For a last time it must be said that God nowhere acknowledges "Jehovah" as His name. And He has no purpose regarding the earth which in any way resembles what the Witnesses have imagined on His behalf. This whole sorry scheme is unworthy of the human intelligence, opposed to the teachings of Holy Scripture and really an insult to God Himself. The doctrines are due to an almost complete misunderstanding of the Bible, not to an understanding of it: and belief in them is but credulity.

So much then, for the explanation the Jehovah Witnesses themselves have given us of their new religion. They began by saying complainingly that others do not give an accurate account of their teachings; but, as we said when commenting on that, there is no reason why anyone should resort to misrepresentation in order to disprove the truth of what they say. Nothing could better reveal the falsity of their doctrines than their own exposition of them.

Much more, of course, could have been said on this whole subject than has been possible in this little book, which has been deliberately restricted to an examination only of so much as their own official summary contains. Above all, the almost total absence of any truly moral and scriptural values from their system would call for even greater attention than the aspects there put before us. One searches in vain for a genuinely religious spirit in it all. Instead of the vital Christian virtues of faith, hope and charity, it offers superstition, presumption, little personal love of Our Lord, and only bitter denunciations of fellow-human beings. It inspires none of the corporal works of mercy. Humility, gentleness and patience are quite foreign to its outlook. If, as they triumphantly proclaim, the Witnesses of Jehovah suffer at the hands of others (however unjustifiable the conduct of those others may be) they do not suffer gladly, but resentfully; and they quite overlook the fact that, as a sign of true followers of Christ, only those sufferings count which are inflicted for His sake, not those which professing disciples bring upon themselves for their own ill-mannered behaviour.

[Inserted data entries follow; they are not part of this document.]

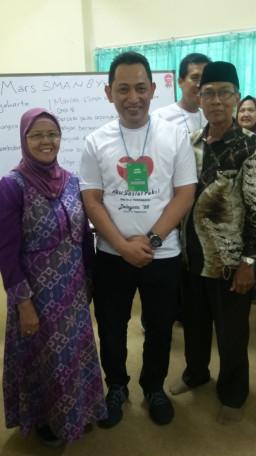 Komjen  Pol. Listyo Sigit, Perhatian Terhadap Guru Dan Sekolahnya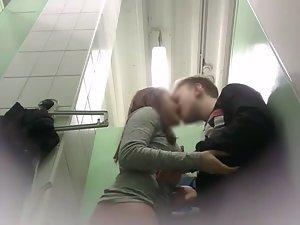 Spying a girl that can't restrain herself Picture 2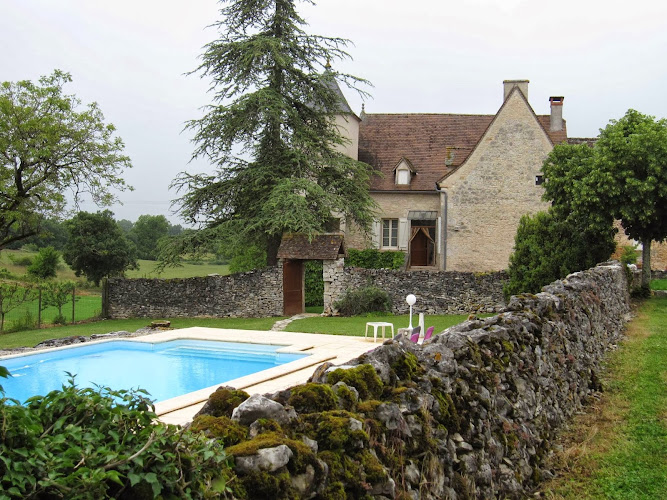 Gite de chalvet à Le Bastit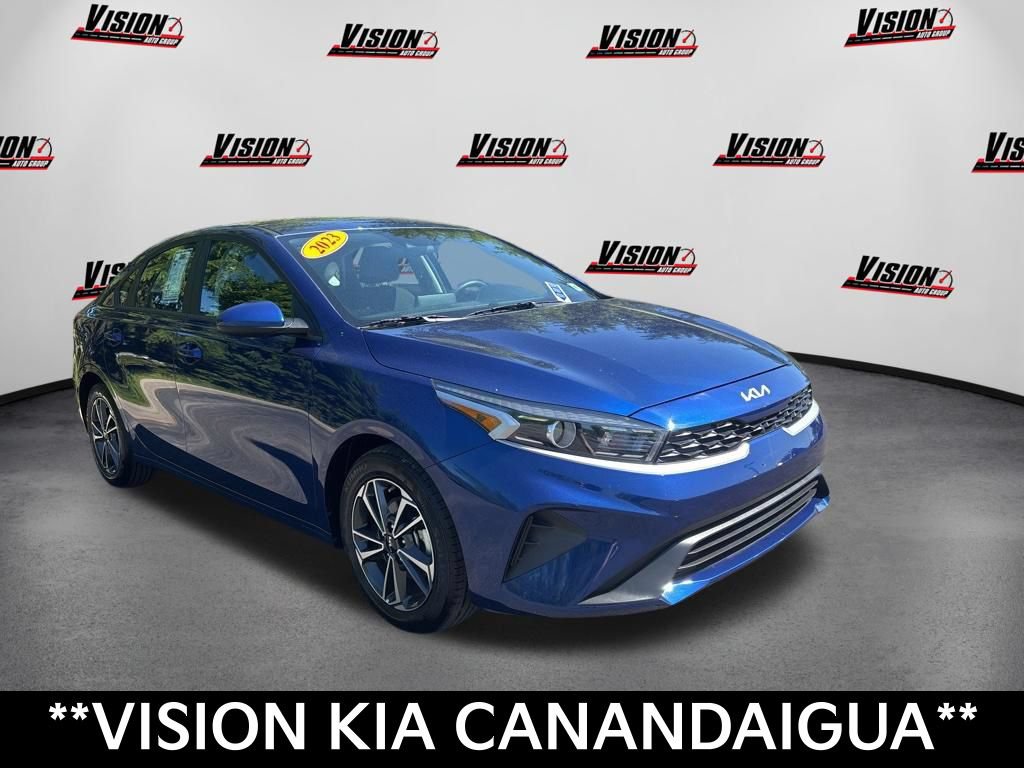 Certified 2023 Kia Forte LXS FWD image 3
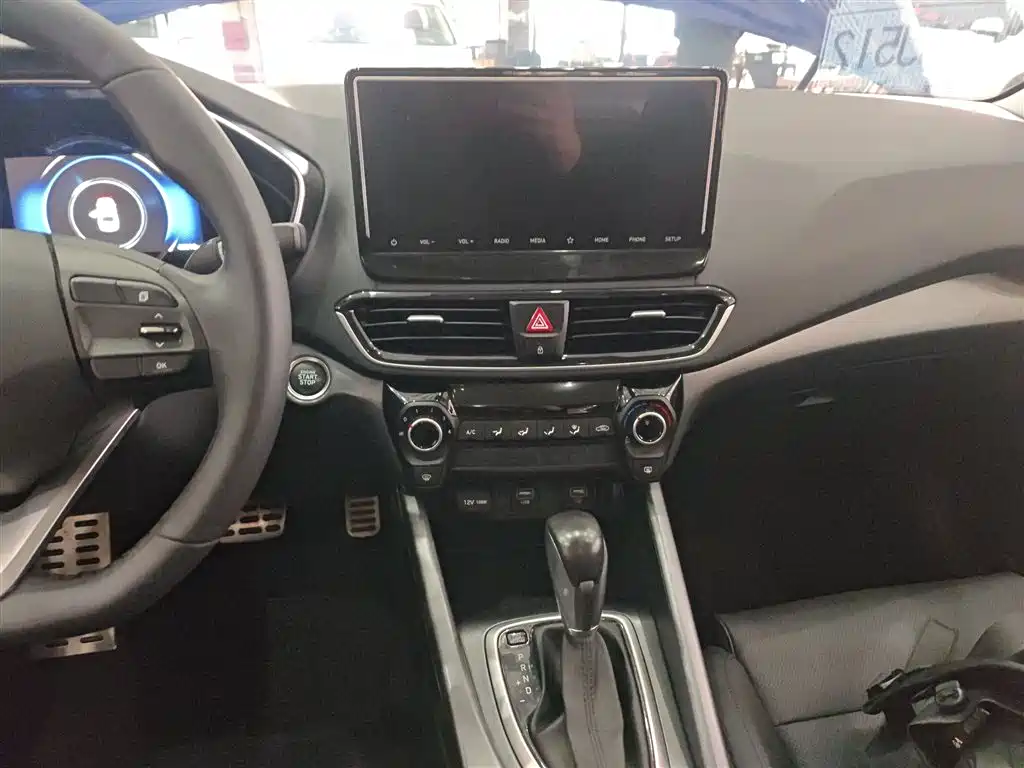 Hyundai Fista 2020 — фото 13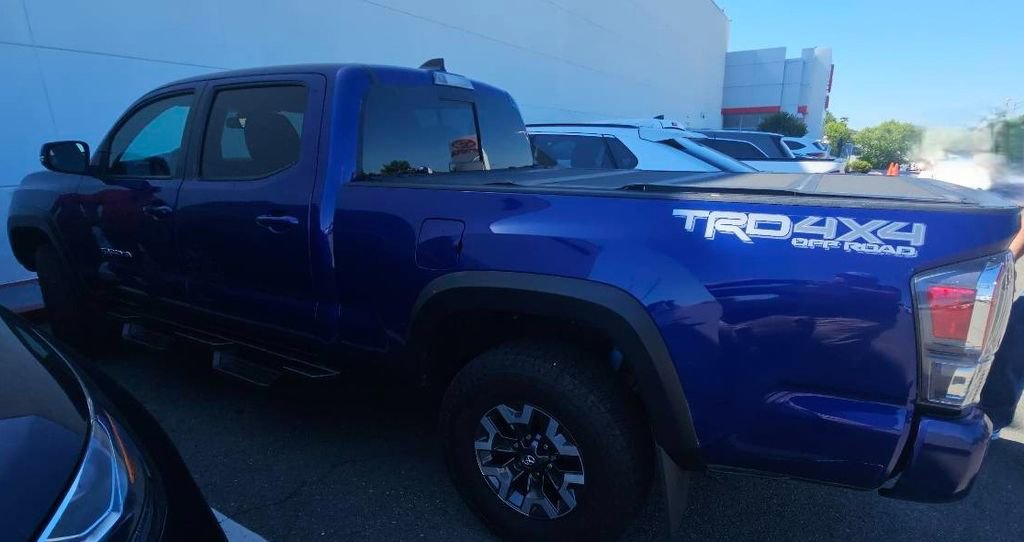 Used 2022 Toyota Tacoma TRD Off-Road w/ Technology Package AWD/4WD image 4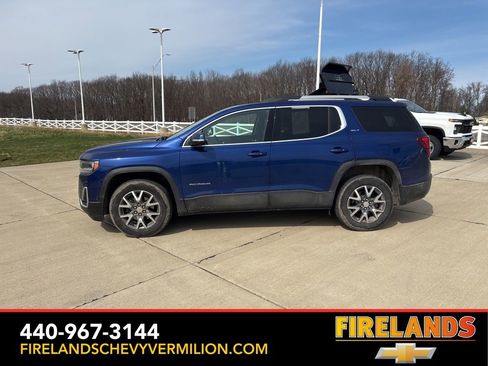 Used 2023 GMC Acadia SLT w/ Technology Package image 3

But there is no room to go fully into these very important matters. We must content ourselves with the analysis of their own official statement which, after all, is already more than enough to reveal the falsity of their teachings. Only unfamiliarity with history, ignorance of sound principles of scriptural interpretation, and almost a complete lack of acquaintance with the elementary laws of logic - all these deficiencies being blended with unlimited credulity - could find their creed even remotely credible.